5 Ways to Open Up Corpora for Language Learning

Note: The following post was originally published on COERLL’s Open Up blog.

Corpora developed by linguists to study languages are a promising source of authentic materials to employ in the development of OER for language learning. Recently, COERLL’s SpinTX Corpus-to-Classroom project launched a new open resource that seeks to make it easy to search and adapt materials from a video corpus.

The SpinTX video archive  provides a pedagogically-friendly web interface to search hundreds of videos from the Spanish in Texas Corpus. Each of the videos is accompanied by synchronized closed captions and a transcript that has been annotated with thematic, grammatical, functional and metalinguistic information. Educators using the site can also tag videos for features that match their interests, and share favorite videos in playlists.

A collaboration among educators, professional linguists, and technologists, the SpinTX project leverages different aspects of the “openness” movement includingopen researchopen dataopen source software, and open education. It is our hope that by opening up this corpus, and by sharing the strategies and tools we used to develop it, others may be able to replicate and build on our work in other contexts.

So, how do we make a corpus open and beneficial across communities? Here are 5 ways:

1. Create an open and accessible search interface

Minimize barriers to your content. Searching the SpinTX video archive requires no registration, passwords or fees. To maximize accessibility, think about your audience’s context and needs. The SpinTX video archive offers a corpus interface specifically for educators, and plans to to create a different interface for researchers.

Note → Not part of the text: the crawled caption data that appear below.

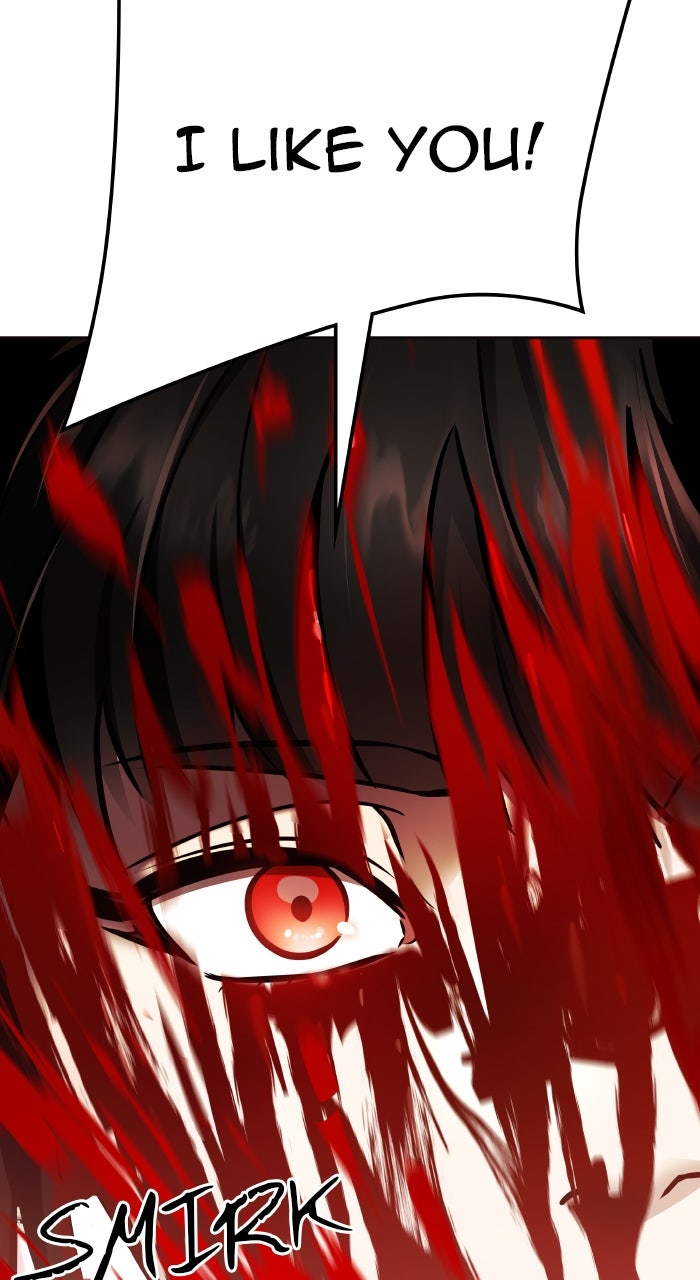 Tower of God manga, chapter 642, page 40 of 209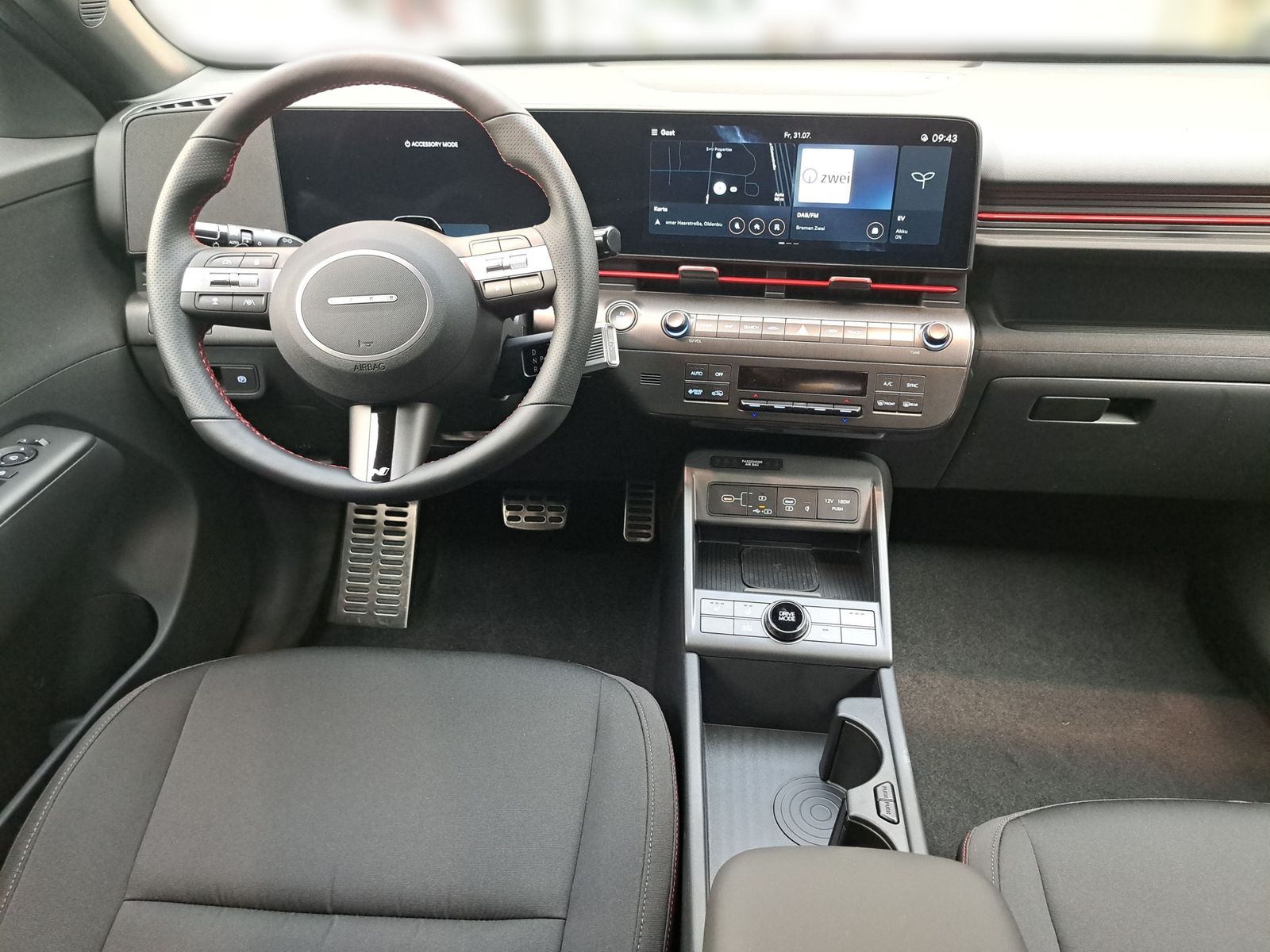 Hyundai Kona – Bild 8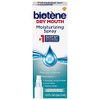 Biotene Gentle Mint Moisturizing Mouth Spray, Sugar-Free, for Dry Mouth and Fresh Breath, 1.5 Fl Oz (Pack of 2)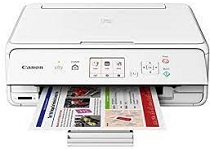 Canon PIXMA TS5051 drivrutinen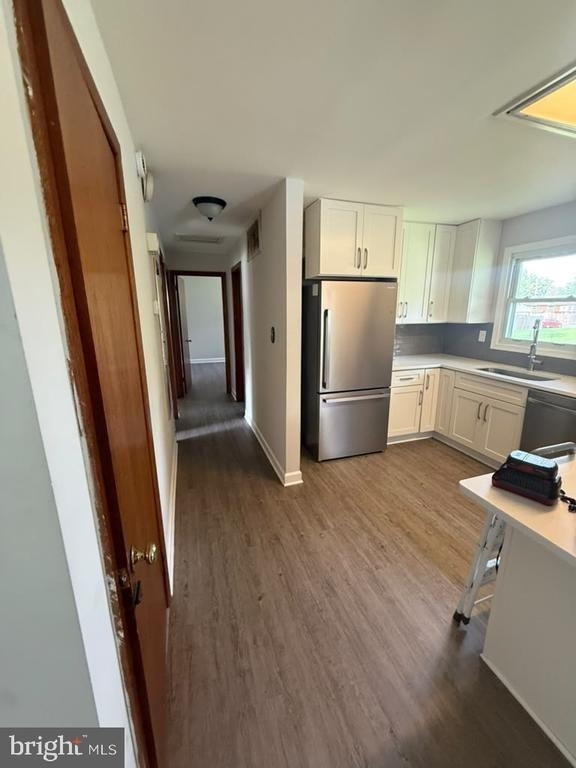 8111 Fort Foote Road - Photo 16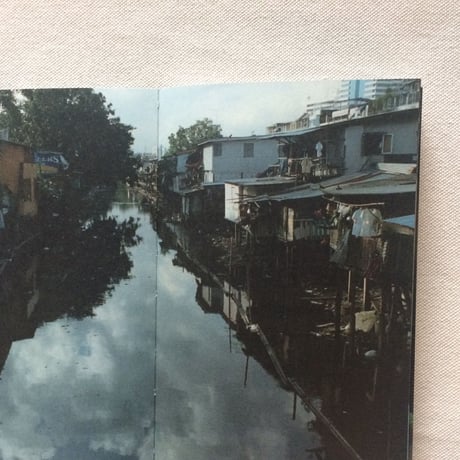 橋本裕貴｜KLONGTOEY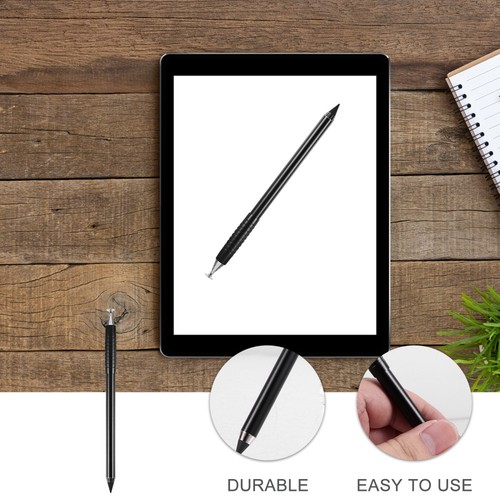 Touch Stylus Touchscreen Pen Uniwersalne długopisy komputerowe do ekranów - Zdjęcie 2 z 12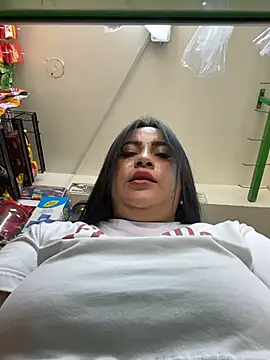 Miia Jazmin online show from December 19, 2:02 pm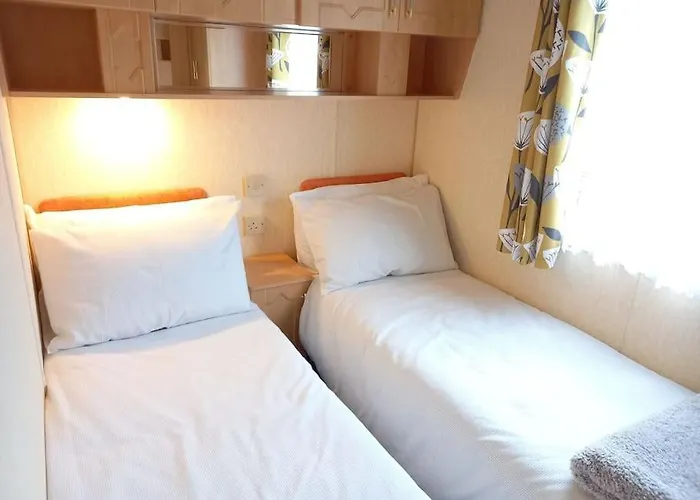 Vakantiehuis Treetops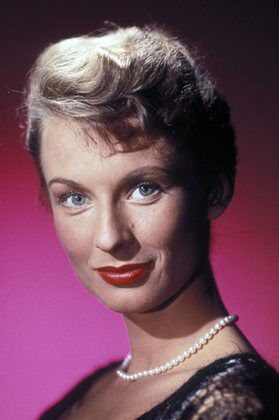 克萝丽丝·利奇曼 Cloris Leachman照片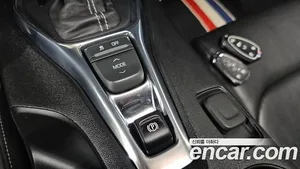 Chevrolet Camaro, 2019 — миниатюра 26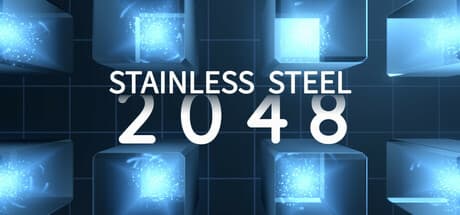 Stainless Steel 2048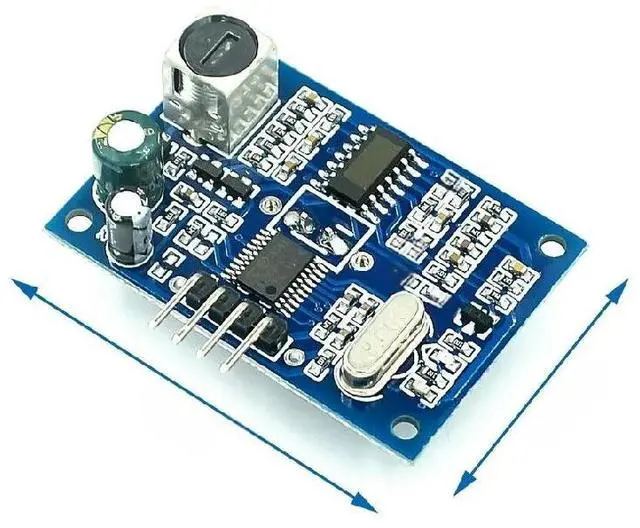 Main image of FOR Waterproof Ultrasonic Module JSN-SR04T AJ-SR04M Water Proof Integrated Distance Measuring Transducer Sensor for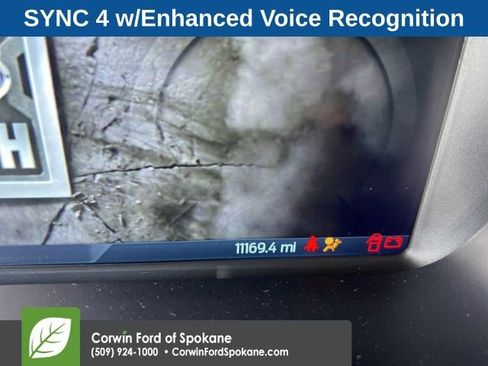 Used 2024 Ford F150 XL AWD/4WD image 8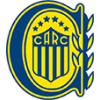 罗萨里奥中央后备队 logo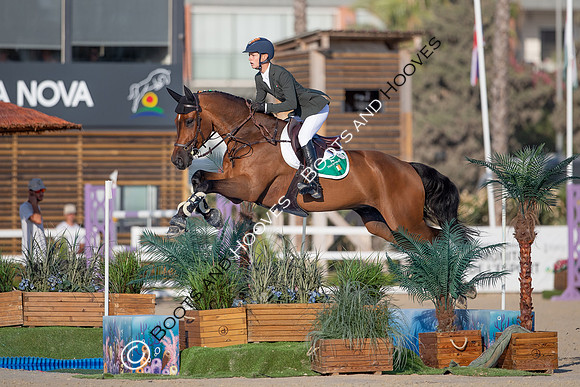 FEI Junior European Championship Young Riders, Juniors & Childre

2. Use open content licences

Add a Creative Commons license to your corpus materials. The SpinTX video archive uses a CC BY-NC-SA license that requires attribution but allows others to reuse the materials different contexts.

3. Make your data open and share content

Allow others to easily embed or download your content and data. The SpinTX video archive provides social sharing buttons for each video, as well as providing access to the source data (tagged transcripts) through Google Fusion Tables.

4. Embrace open source development

When possible, use and build upon open source tools. The SpinTX project was developed using a combination of open source software (e.g. TreeTagger,Drupal) and open APIs (e.g. YouTube Captioning API). Custom code developed for the project is openly shared through a GitHub repository.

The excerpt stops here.